### Exercise brief
Please return only the lines from the one holding "ECMAScript is a" through the one holding "Similarly, inside PySpark", exactly as they appear in the records below, both ends included.

### Material to process
====

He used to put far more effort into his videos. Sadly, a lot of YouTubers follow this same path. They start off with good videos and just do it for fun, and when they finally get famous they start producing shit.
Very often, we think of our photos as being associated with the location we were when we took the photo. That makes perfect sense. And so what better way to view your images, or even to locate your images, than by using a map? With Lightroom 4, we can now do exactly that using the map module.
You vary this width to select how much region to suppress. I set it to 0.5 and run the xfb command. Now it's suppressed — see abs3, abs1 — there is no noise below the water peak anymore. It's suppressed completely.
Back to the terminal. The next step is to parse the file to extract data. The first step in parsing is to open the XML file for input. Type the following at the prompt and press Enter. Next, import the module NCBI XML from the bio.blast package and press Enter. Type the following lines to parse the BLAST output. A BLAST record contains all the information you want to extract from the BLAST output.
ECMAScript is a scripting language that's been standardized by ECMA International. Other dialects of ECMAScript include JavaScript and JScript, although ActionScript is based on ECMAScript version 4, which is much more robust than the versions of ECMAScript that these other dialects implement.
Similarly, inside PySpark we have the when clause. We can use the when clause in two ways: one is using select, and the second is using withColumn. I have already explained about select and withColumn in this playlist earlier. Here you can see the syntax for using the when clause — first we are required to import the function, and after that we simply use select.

====

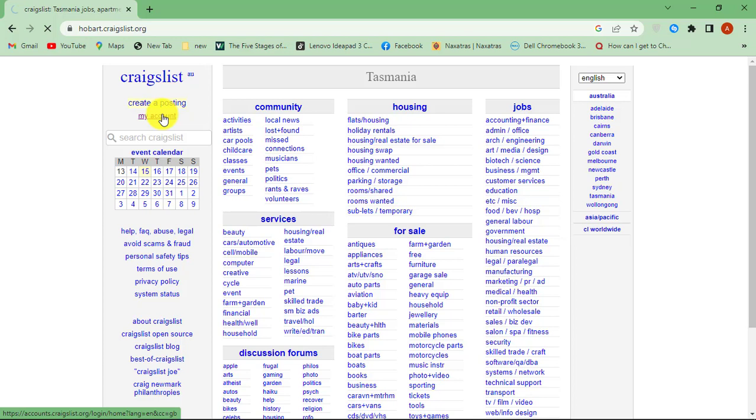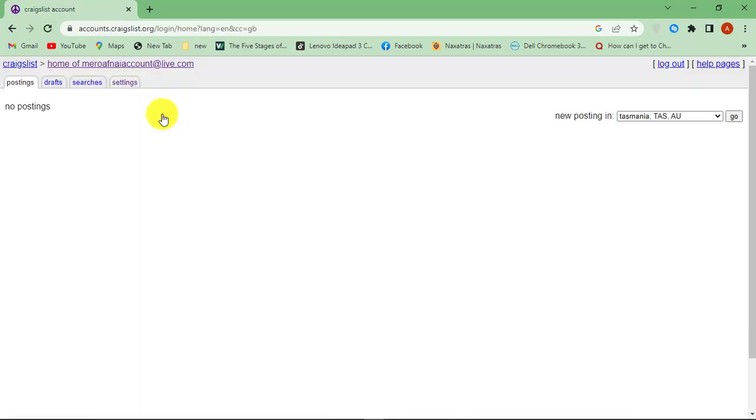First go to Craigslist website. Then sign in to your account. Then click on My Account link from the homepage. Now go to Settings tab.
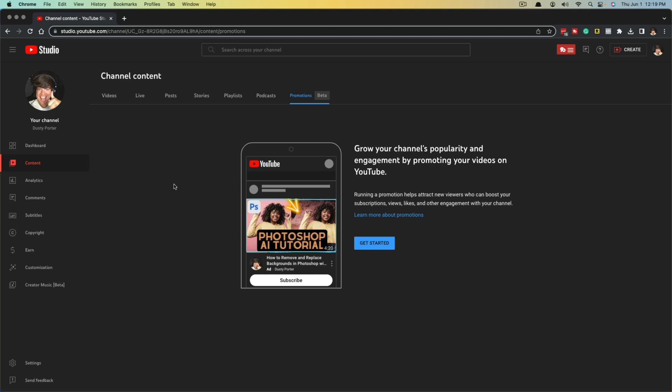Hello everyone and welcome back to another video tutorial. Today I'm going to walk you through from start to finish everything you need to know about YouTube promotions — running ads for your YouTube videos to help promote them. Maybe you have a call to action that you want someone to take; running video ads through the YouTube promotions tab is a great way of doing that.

====

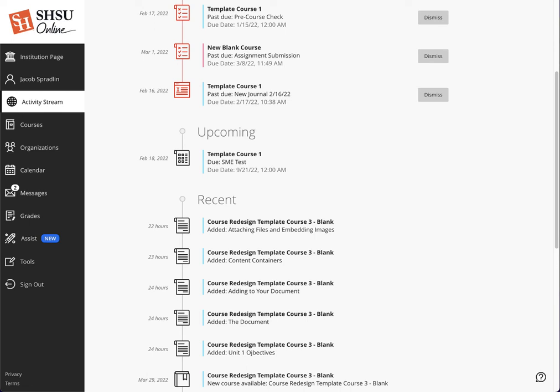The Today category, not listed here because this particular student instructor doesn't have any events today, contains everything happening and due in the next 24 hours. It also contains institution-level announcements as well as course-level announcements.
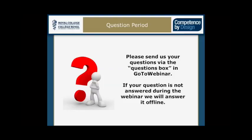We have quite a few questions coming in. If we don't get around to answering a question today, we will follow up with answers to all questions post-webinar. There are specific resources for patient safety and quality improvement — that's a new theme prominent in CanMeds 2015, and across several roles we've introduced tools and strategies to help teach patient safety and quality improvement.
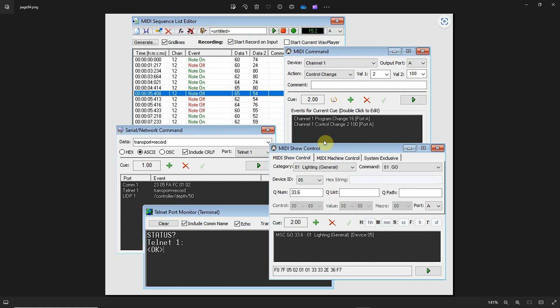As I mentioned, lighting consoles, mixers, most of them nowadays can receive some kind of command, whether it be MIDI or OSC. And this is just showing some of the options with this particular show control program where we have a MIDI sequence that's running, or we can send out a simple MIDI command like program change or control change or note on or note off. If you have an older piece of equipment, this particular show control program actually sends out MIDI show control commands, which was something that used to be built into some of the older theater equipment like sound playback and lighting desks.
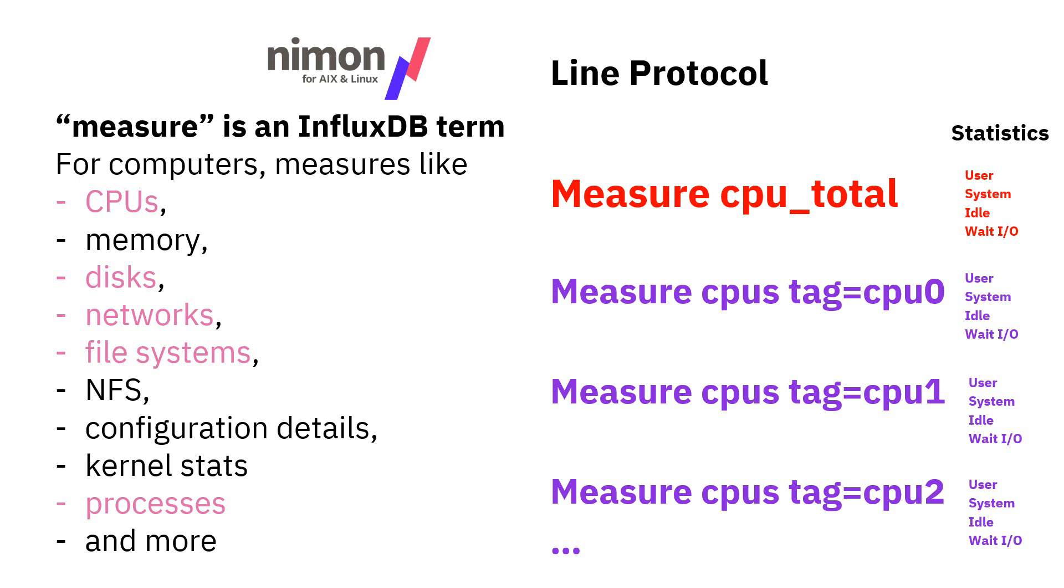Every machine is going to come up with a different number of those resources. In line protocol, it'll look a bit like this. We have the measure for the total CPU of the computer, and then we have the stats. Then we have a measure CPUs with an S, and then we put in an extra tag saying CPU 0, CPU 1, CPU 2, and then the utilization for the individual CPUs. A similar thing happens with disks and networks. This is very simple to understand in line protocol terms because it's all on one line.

====

### Solution
ECMAScript is a scripting language that's been standardized by ECMA International. Other dialects of ECMAScript include JavaScript and JScript, although ActionScript is based on ECMAScript version 4, which is much more robust than the versions of ECMAScript that these other dialects implement.
Similarly, inside PySpark we have the when clause. We can use the when clause in two ways: one is using select, and the second is using withColumn. I have already explained about select and withColumn in this playlist earlier. Here you can see the syntax for using the when clause — first we are required to import the function, and after that we simply use select.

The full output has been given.